Revised ethics opinion: Judges should disclose prior prosecutions but assess recusal individually” —

  • “A judge is not required to automatically recuse themselves from all cases involving defendants they previously prosecuted. Instead, the judge must assess each case individually to determine if recusal is necessary, taking into account the specific circumstances of the case, according to the [Florida] Judicial Ethics Advisory Committee.”
  • “‘Additionally, if a judge is aware of his or her involvement in a prior prosecution, the judge must disclose the relevant facts to the defendant even if the facts do not require automatic recusal,’ the ethics panel said in Opinion Number 2024-12 (Amended).”

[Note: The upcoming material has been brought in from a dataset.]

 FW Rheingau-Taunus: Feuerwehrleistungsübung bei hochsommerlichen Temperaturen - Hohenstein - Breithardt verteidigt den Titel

  • “The amended opinion issued August 27, recedes from the original version issued August 2 that opined that judges must recuse from all cases involving defendants whom the judge previously prosecuted.”

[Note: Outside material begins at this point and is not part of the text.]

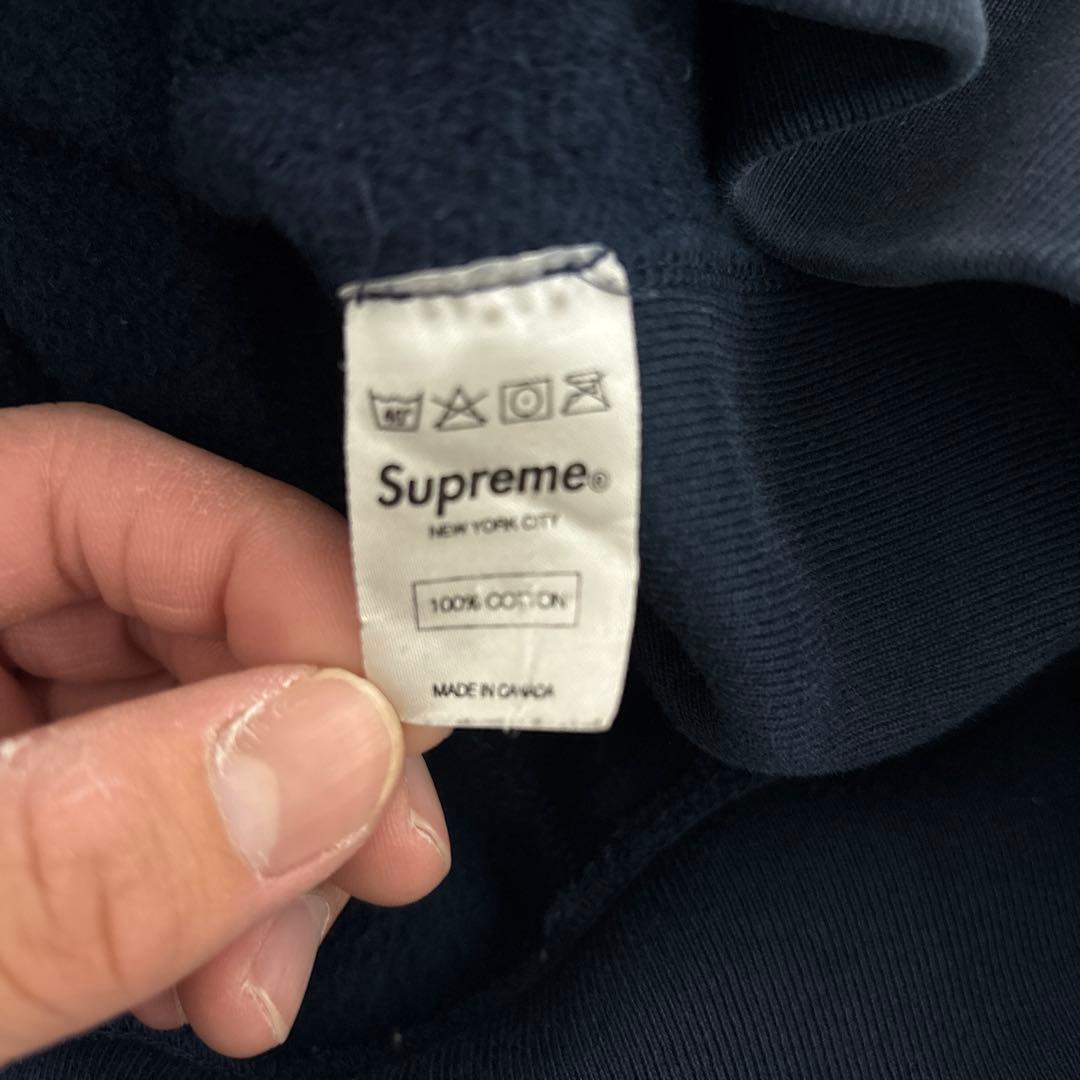 supremeボックスロゴパーカー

  • “‘The test for appearance of impropriety is whether the conduct would create in reasonable minds, with knowledge of all the relevant circumstances that a reasonable inquiry would disclose, a perception that the judge’s ability to carry out judicial responsibilities with integrity, impartiality, and competence is impaired,’ the ethics panel said citing commentary to Canon 2A. ‘Additionally, the Commentary to Canon 3(E)(1) states clearly that, ‘…a judge is disqualified whenever the judge’s impartiality might reasonably be questioned, regardless of whether any of the specific rules in Section 3E(1) apply.'”
  • “The panel said the inquiring judge may need to recuse from a case but must evaluate each case individually…The rules require that the inquiring judge disqualify himself or herself where his or her impartiality might reasonably be questioned.”
  • “The committee noted that one JEAC member expressed an opposing view and believes that a former prosecution by the judge would always call into question the judge’s impartiality. That committee member prefers the ‘bright line’ position that a judge must recuse from all cases involving a defendant who the judge previously prosecuted.”